Completeness Statements with Provenance. Just as data can be wrong, completeness statements can be wrong, too. Moreover, as data may change over time, completeness statements can be out-of-date. As a possible solution, one can add provenance information. Adding information about the author and reference of completeness statements may be useful to check the correctness of the statements, while attaching timestamps would provide timeliness information to the statements.

No-Value Information. Completeness statements can also be used to represent the non-existence of information. For example, in our motivating scenario, there is the completeness statement about the children of Ted with no corresponding data in the graph. In this case, we basically say that Ted has no children. As a consequence of having no-value information, we can be complete for queries despite having the empty answer. Such a feature is similar to that proposed inĀ [17]. The only difference is that here we need to pair completeness statements with a graph that has no corresponding data captured by the statements, while in that work, no-value statements are used to directly say that some parts of data do not exist.

10 Conclusions and Future Work

The availability of an enormous amount of RDF data calls for better data quality management. In this work, we focus on the data quality aspect of completeness. We develop a technique to check query completeness based on RDF data with its completeness information.

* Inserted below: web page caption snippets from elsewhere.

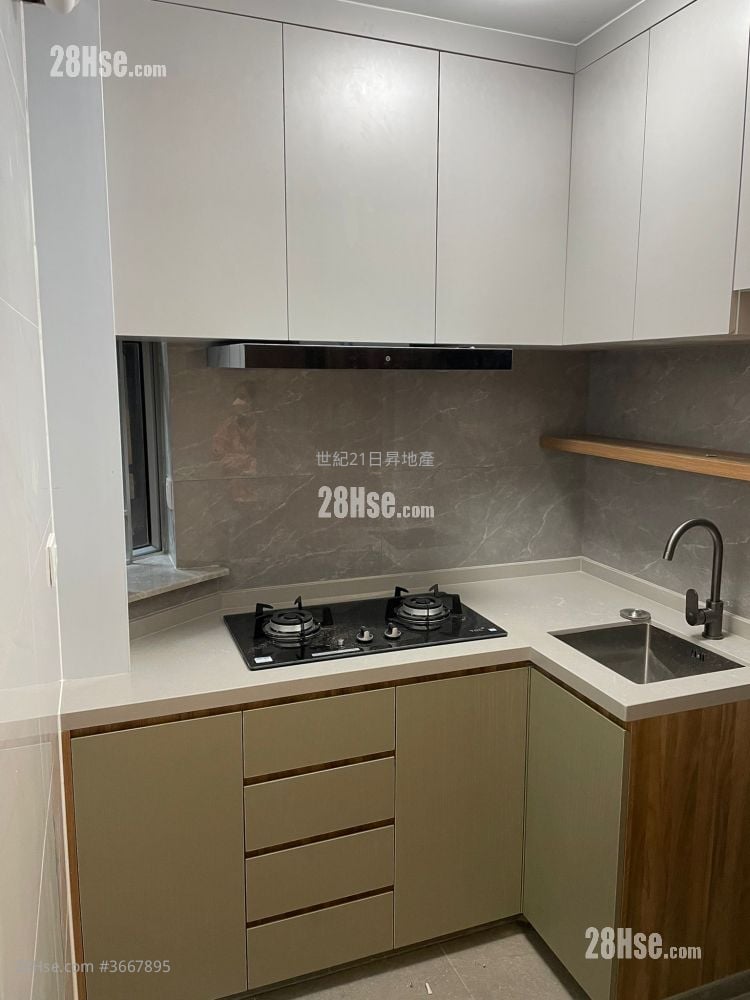 Full Wealth Gardens Sell 2 Bedrooms , 1 Bathroom 447 ft²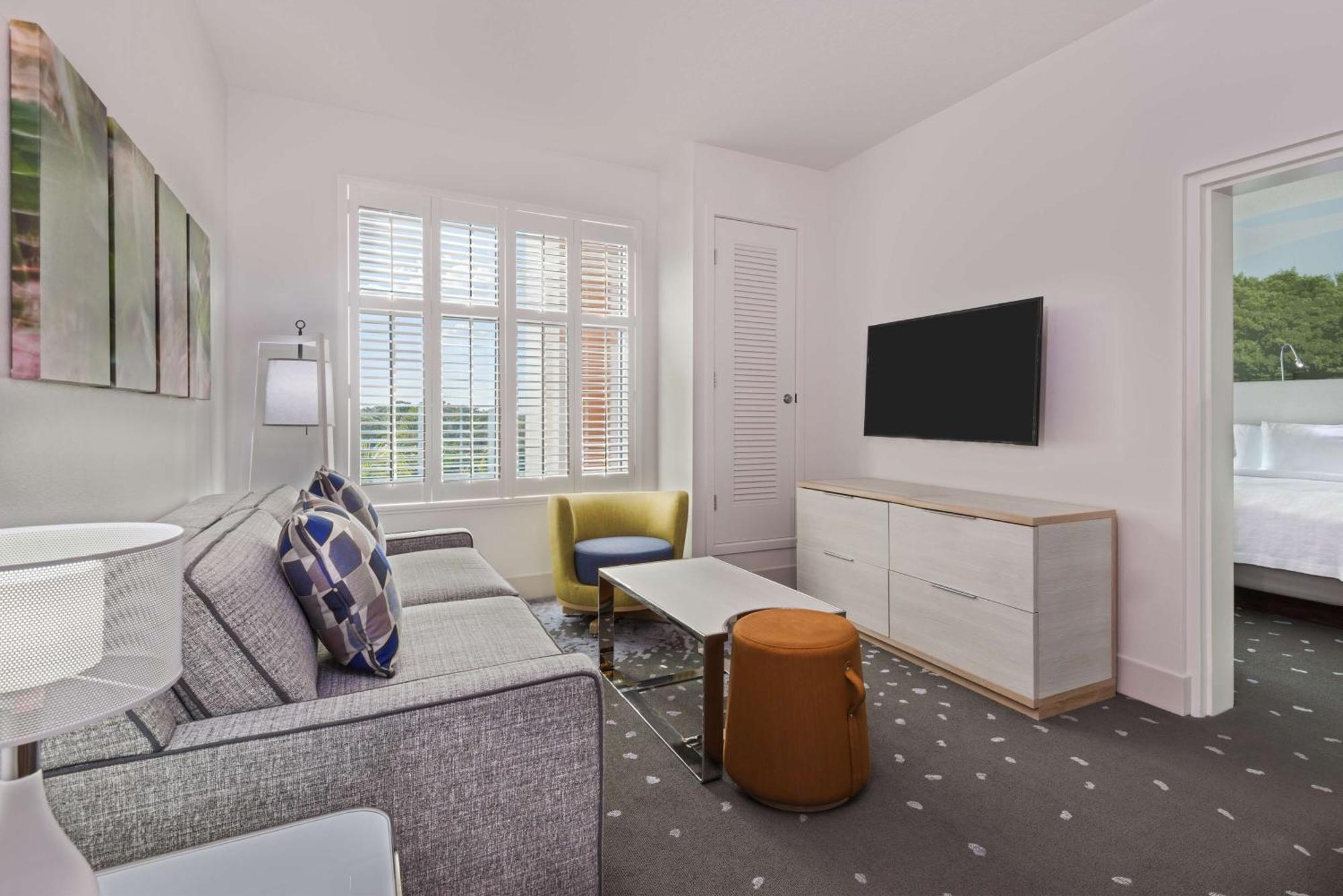 One-Bedroom Queen Suite Two Queen Beds Non-Smoking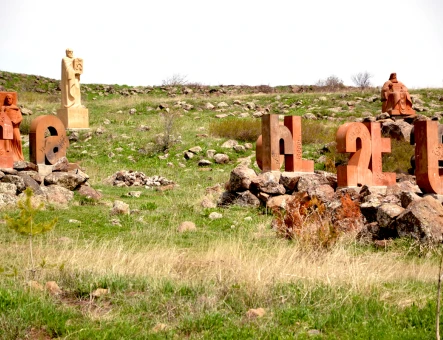 Monumento all'alfabeto armeno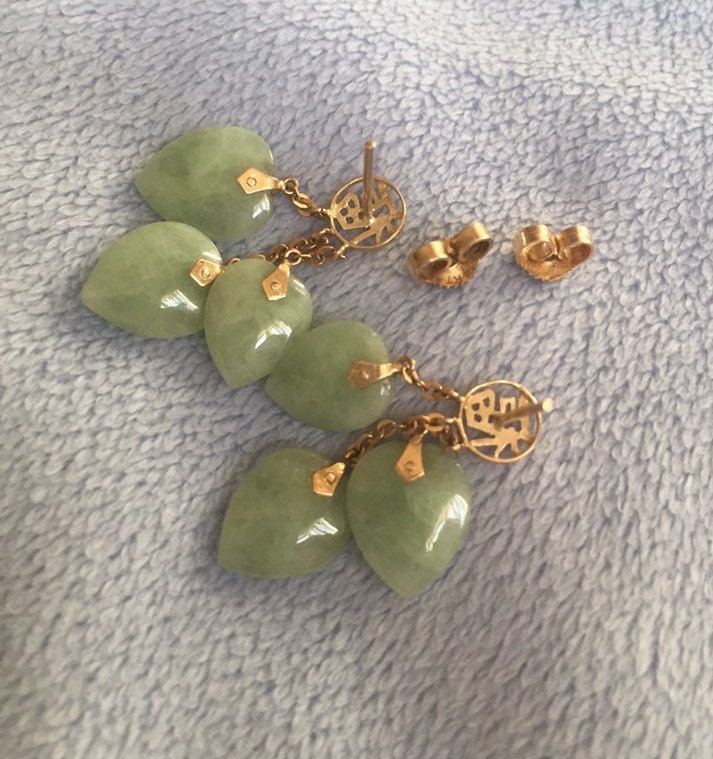 Wunderschöne Geschnitzte Jade-Ohrringe Aus 14-Karätigem Gold, Jade-Herz-Cluster von LiamBySevanna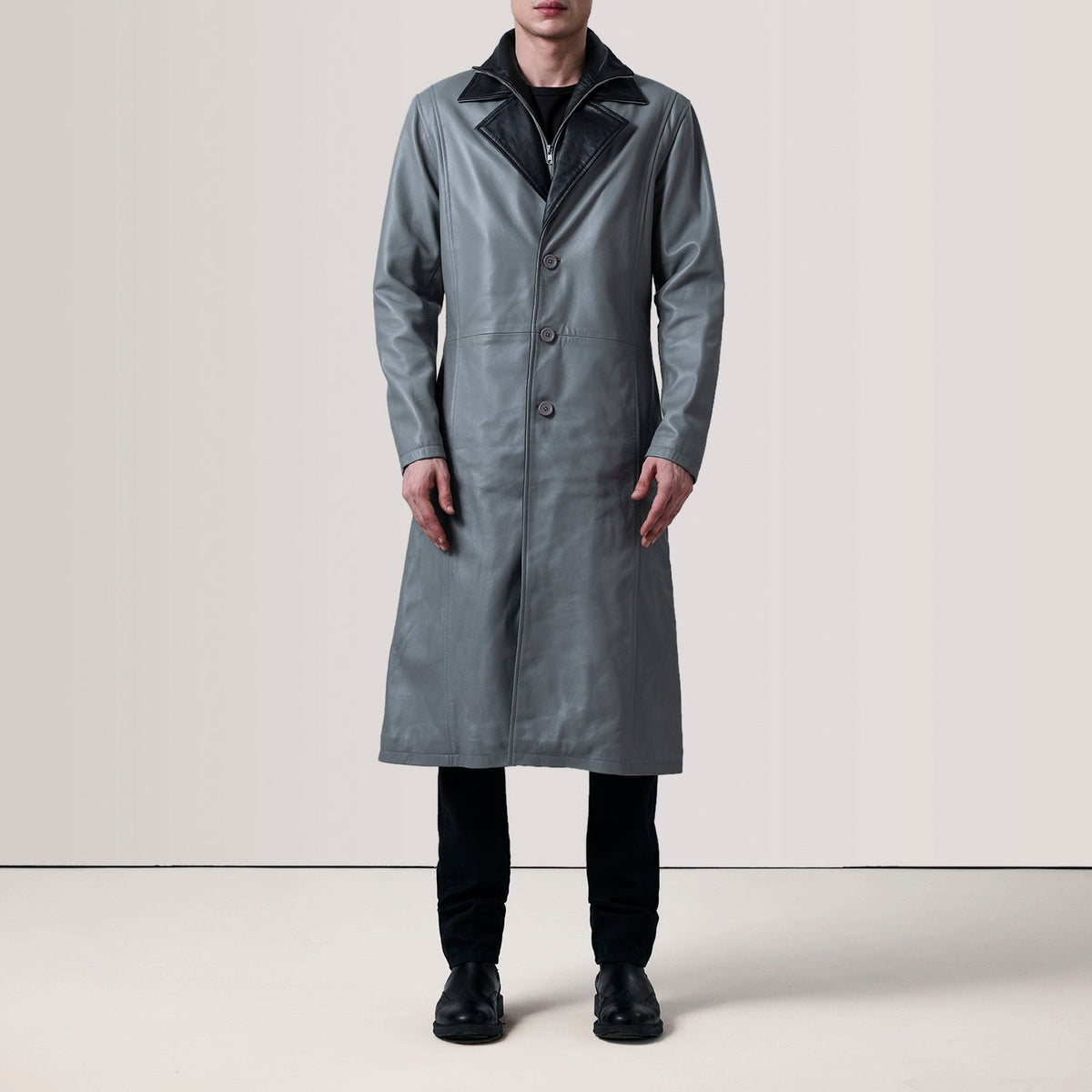 
Grey Sheepskin leather Coat - Widok z tyłu z dopasowanymi ramionami i czystym dołem
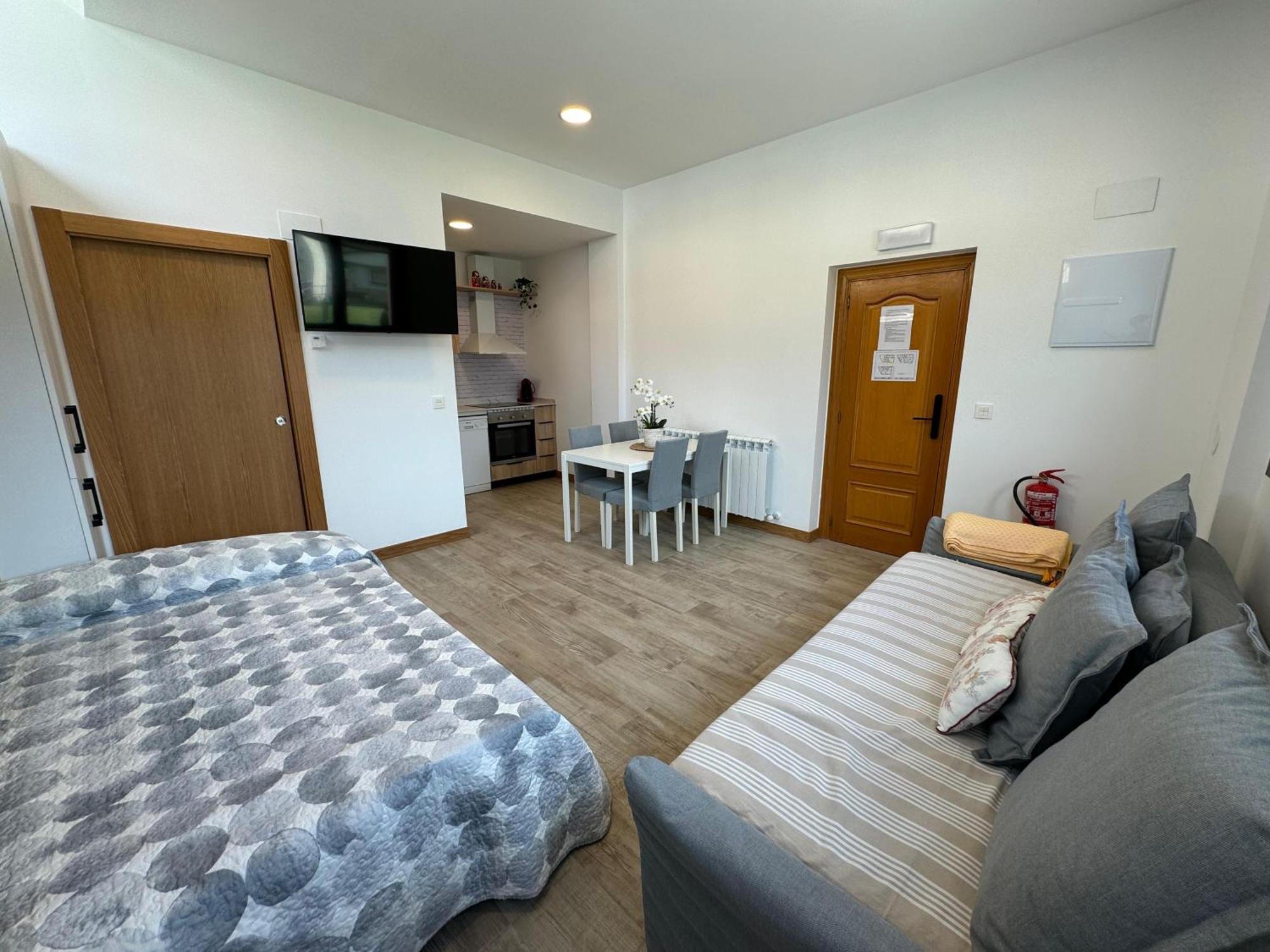 Apartamentos Montejurra Ayegui Kültér fotó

To increase the practical benefits of our framework, we identify a practically relevant fragment of completeness information upon which an indexing can be implemented to optimize completeness check, and develop COOL-WD, a completeness management tool for Wikidata.

For future work, we would like to investigate indexing techniques for more general cases. One challenge here is that how to index the arbitrary structure of completeness statements. Another plan is to develop a technique to extract completeness statements on the Web. To do so, we in particular want to detect if a Web page contains completeness statements in natural language, and transform them into RDF-based completeness statements. Last, we also want to increase the expressivity of queries, say, to also handle negations. Queries with negations are especially interesting since negation naturally needs complete information to work correctly.